=== Section Start ===

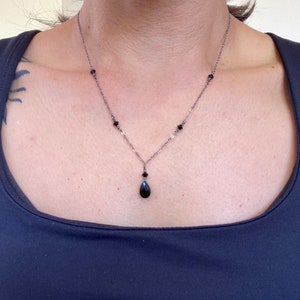 Onyx pendant necklace with black crystal accents on delicate gunmetal silver chain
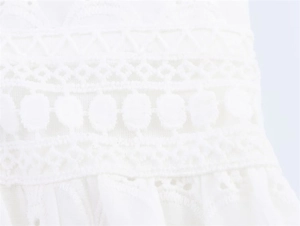 Macro detail of white embroidery lace fabric with geometric cutouts and pom-pom trim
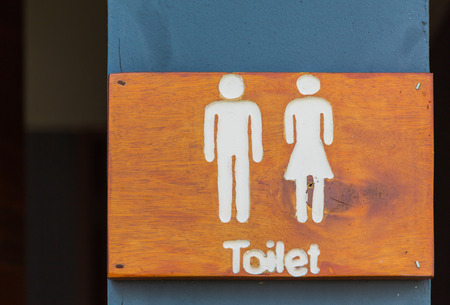Wooden sign hung over the entrance to a toiletの写真素材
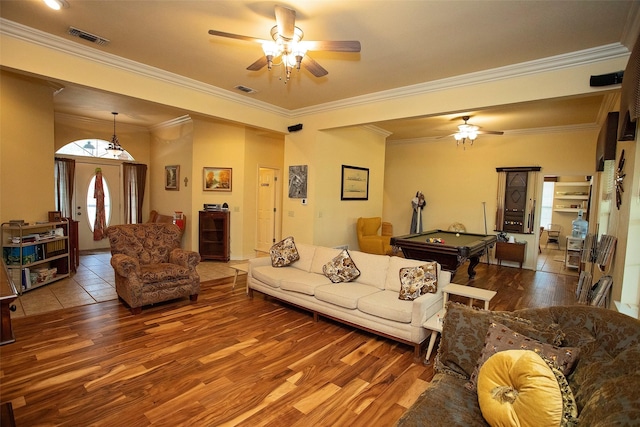 living room with hardwood / wood-style flooring, billiards, and ceiling fan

=== Section End ===

▶ [TASK DESCRIPTION]:
Your copy should match the material above exactly, minus its pictures.

▶ [EXERCISE ANSWER]:
 Onyx pendant necklace with black crystal accents on delicate gunmetal silver chain
 Macro detail of white embroidery lace fabric with geometric cutouts and pom-pom trim
Wooden sign hung over the entrance to a toiletの写真素材
 living room with hardwood / wood-style flooring, billiards, and ceiling fan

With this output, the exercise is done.